Directions for this task
Reproduce the listing below from the line with "Walt Disney Wednesday" to the line with "Rucksack mit Reißverschlussfach", both lines included, character for character, minus any pictures.

-------- Dataset records

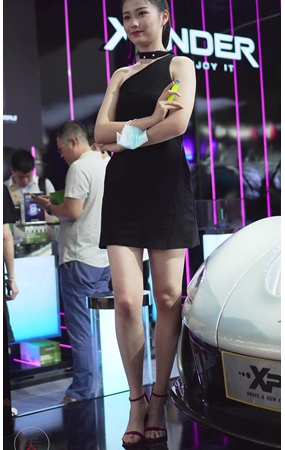 黑裙美女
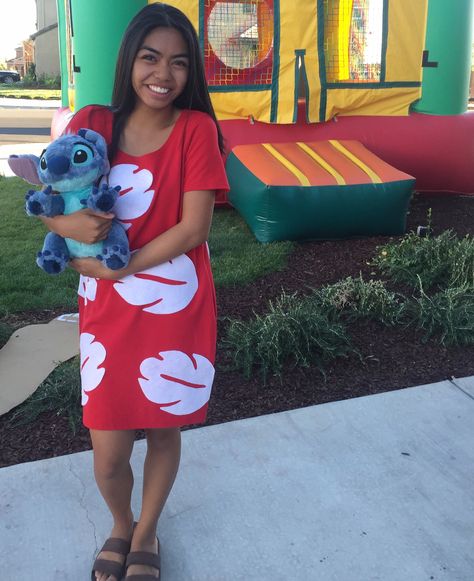 Walt Disney Wednesday More Diy Lilo Costume, Lilo Costume, Lilo And Stitch Costume, Stitch Costume, Character Halloween Costumes, Carnaval Costume, Stitch Diy, Halloween Coustumes, Holloween Costume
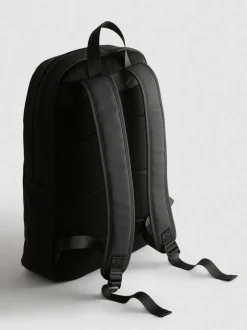 Rucksack mit Reißverschlussfach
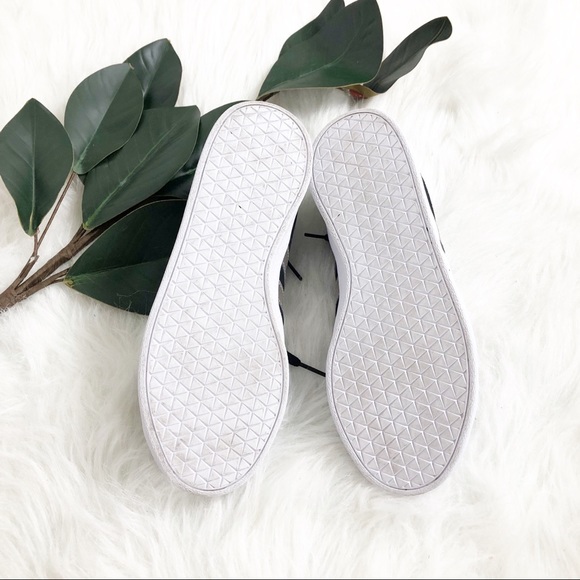 Adidas Women's Black and Metallic Sneakers Size 7 - Picture 3 of 4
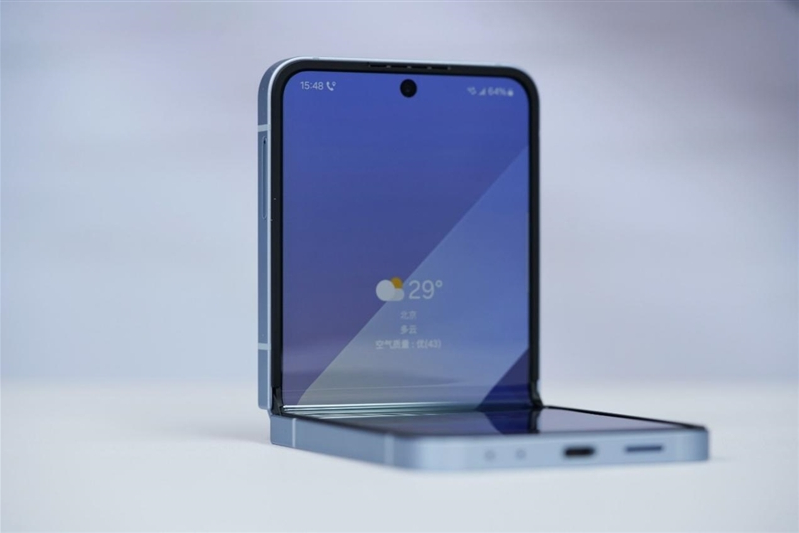 AI赋能的掌上宝盒！三星Galaxy Z Flip6评测：史上最聪明三星小折叠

----------------

Response to this exercise
 Walt Disney Wednesday More Diy Lilo Costume, Lilo Costume, Lilo And Stitch Costume, Stitch Costume, Character Halloween Costumes, Carnaval Costume, Stitch Diy, Halloween Coustumes, Holloween Costume
 Rucksack mit Reißverschlussfach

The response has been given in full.